Could you give back exactly the lines below from the one with "In this video" through the one with "Once I pick", without a single picture?

#### Data to use
.....
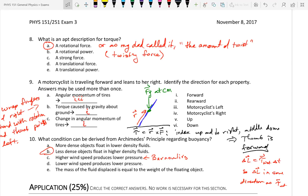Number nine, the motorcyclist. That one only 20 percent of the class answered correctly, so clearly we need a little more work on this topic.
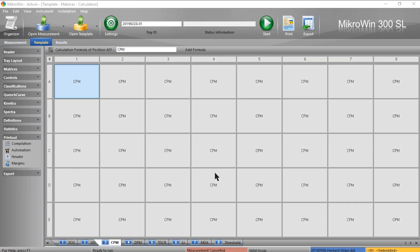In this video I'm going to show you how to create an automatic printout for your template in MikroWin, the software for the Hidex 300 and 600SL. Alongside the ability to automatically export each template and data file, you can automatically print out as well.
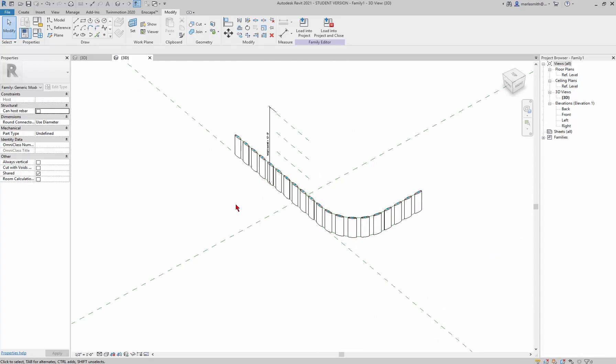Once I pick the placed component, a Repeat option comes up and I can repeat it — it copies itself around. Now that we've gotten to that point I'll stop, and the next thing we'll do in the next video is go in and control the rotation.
.....
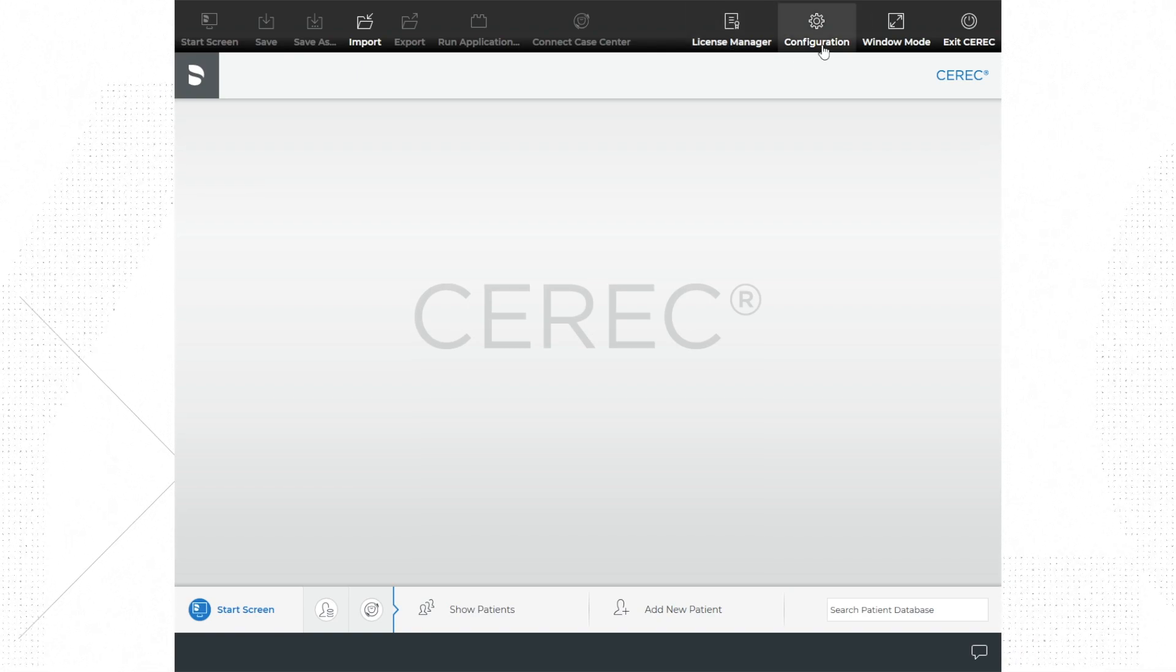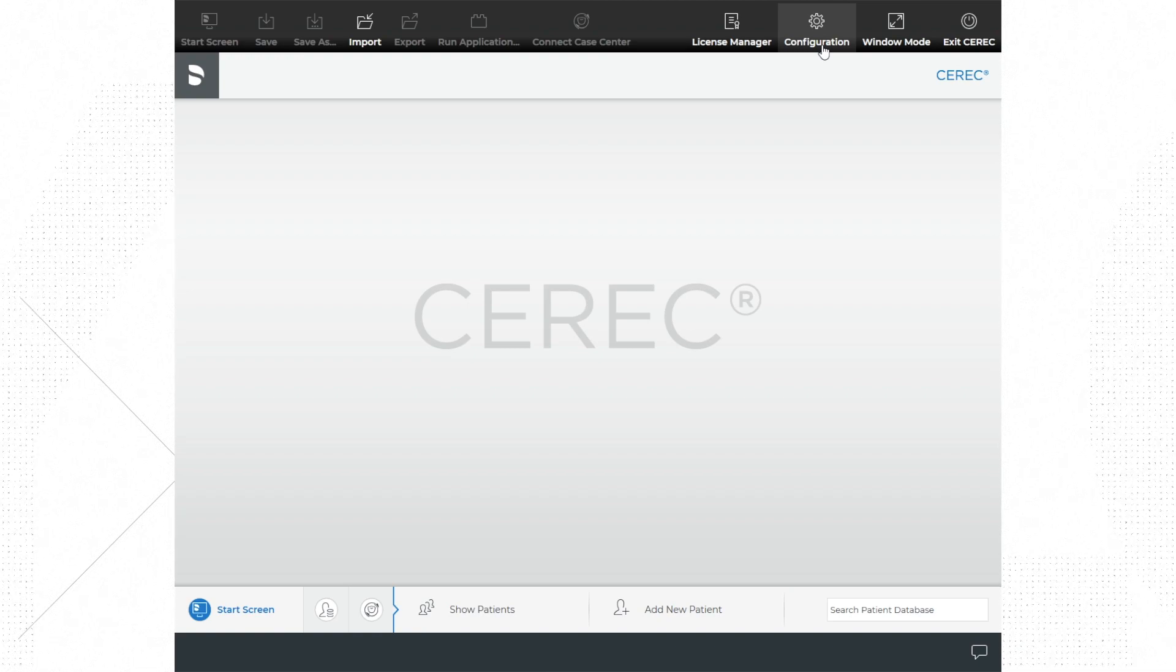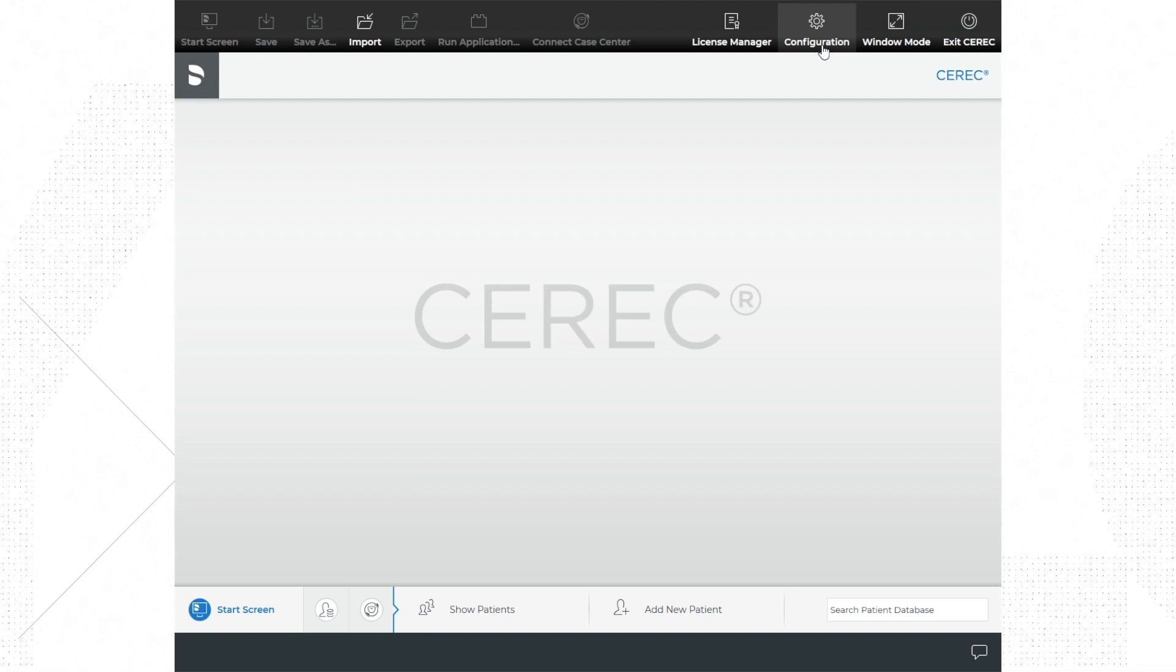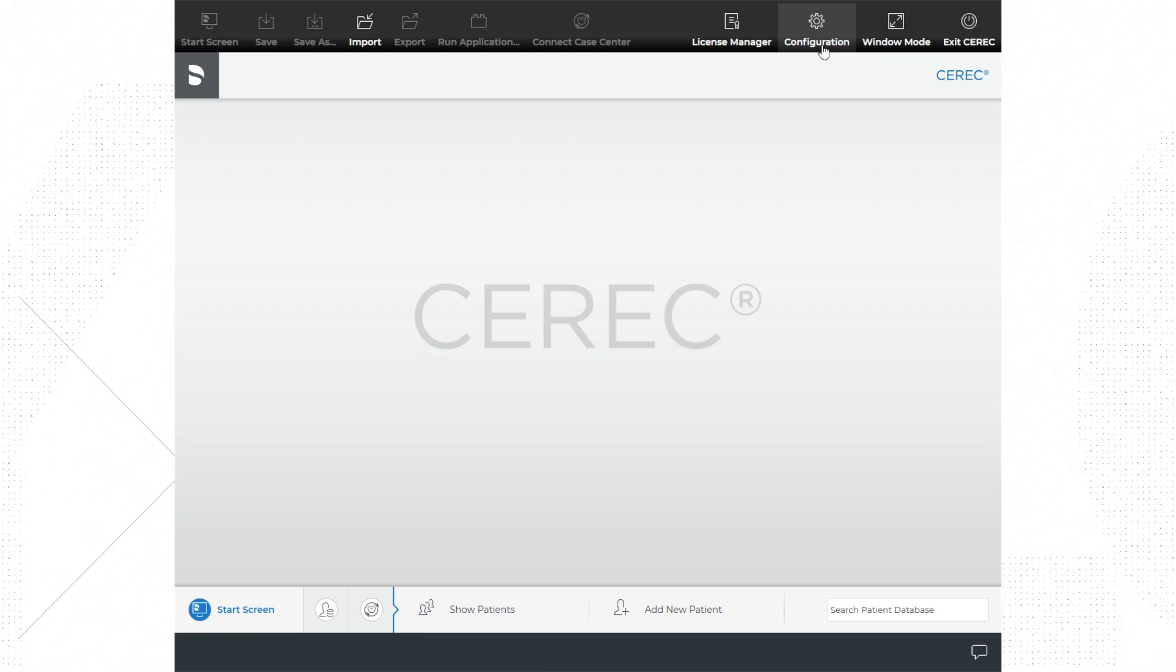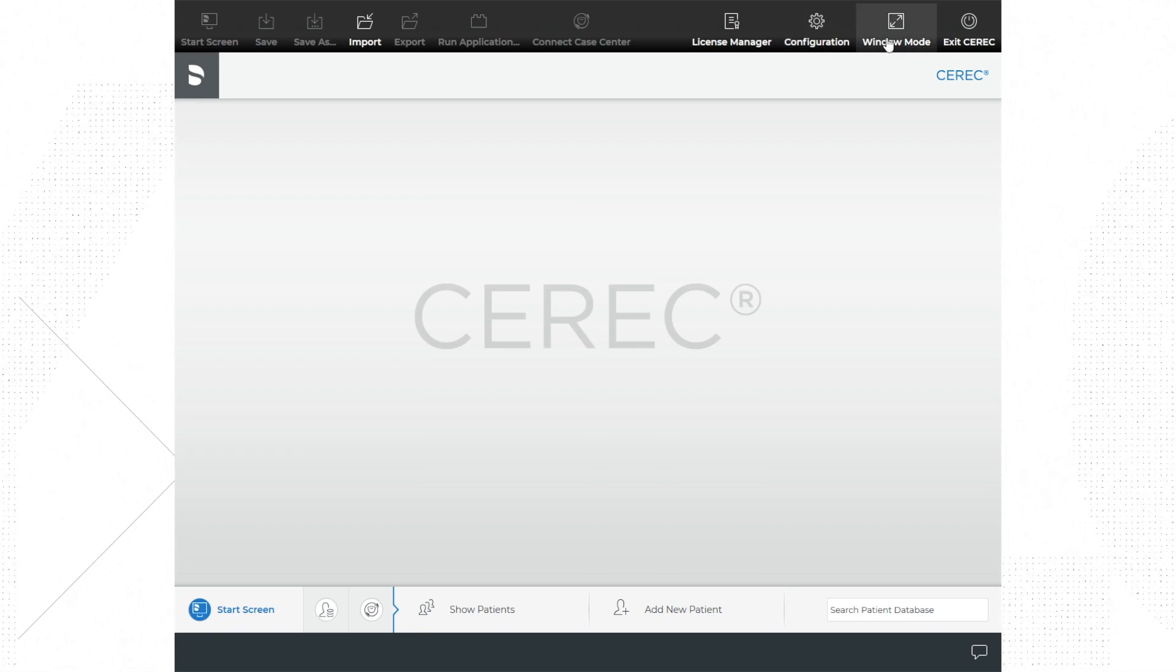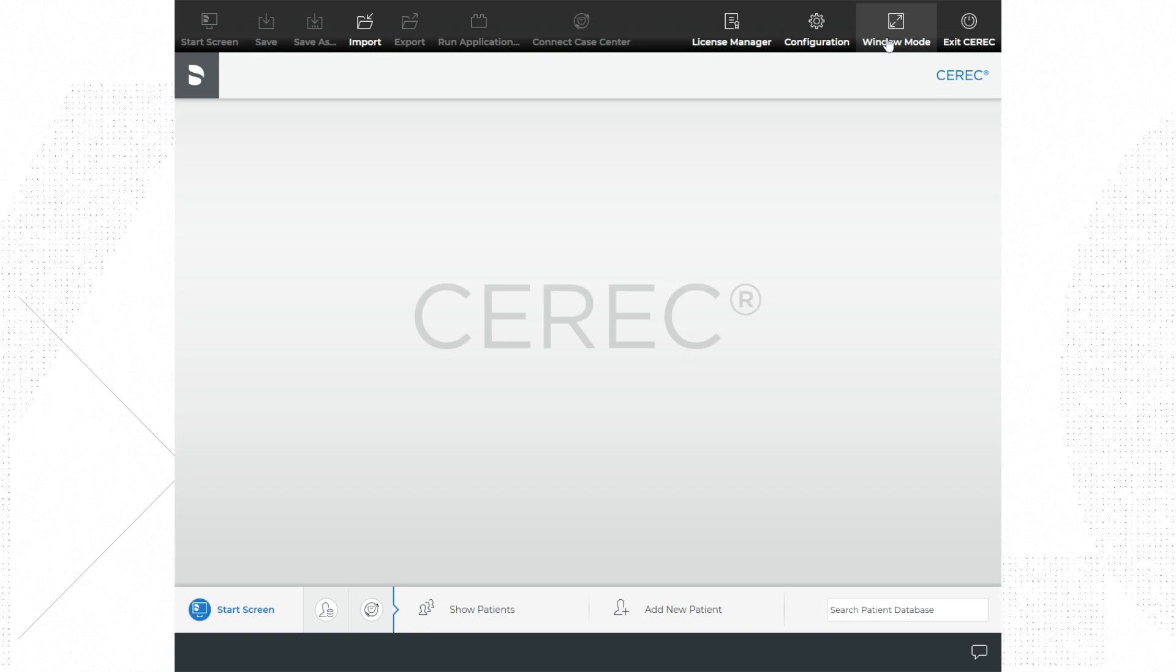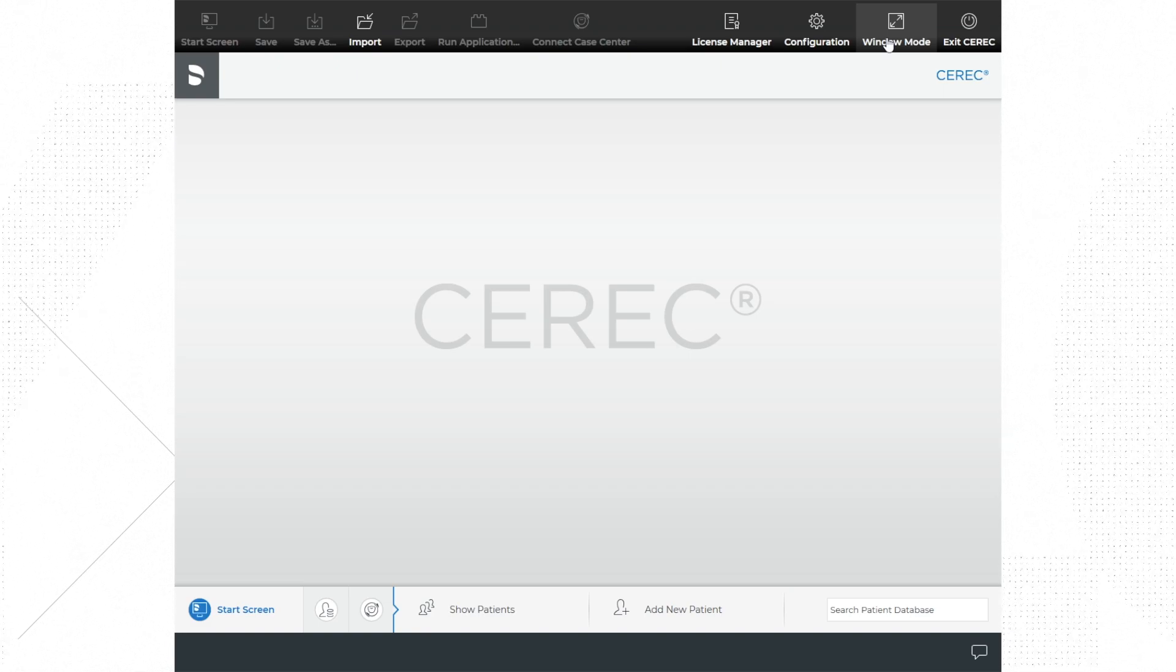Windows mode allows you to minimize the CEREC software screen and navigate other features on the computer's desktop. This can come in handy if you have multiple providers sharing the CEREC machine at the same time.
.....
#### Solved problem
In this video I'm going to show you how to create an automatic printout for your template in MikroWin, the software for the Hidex 300 and 600SL. Alongside the ability to automatically export each template and data file, you can automatically print out as well.
Once I pick the placed component, a Repeat option comes up and I can repeat it — it copies itself around. Now that we've gotten to that point I'll stop, and the next thing we'll do in the next video is go in and control the rotation.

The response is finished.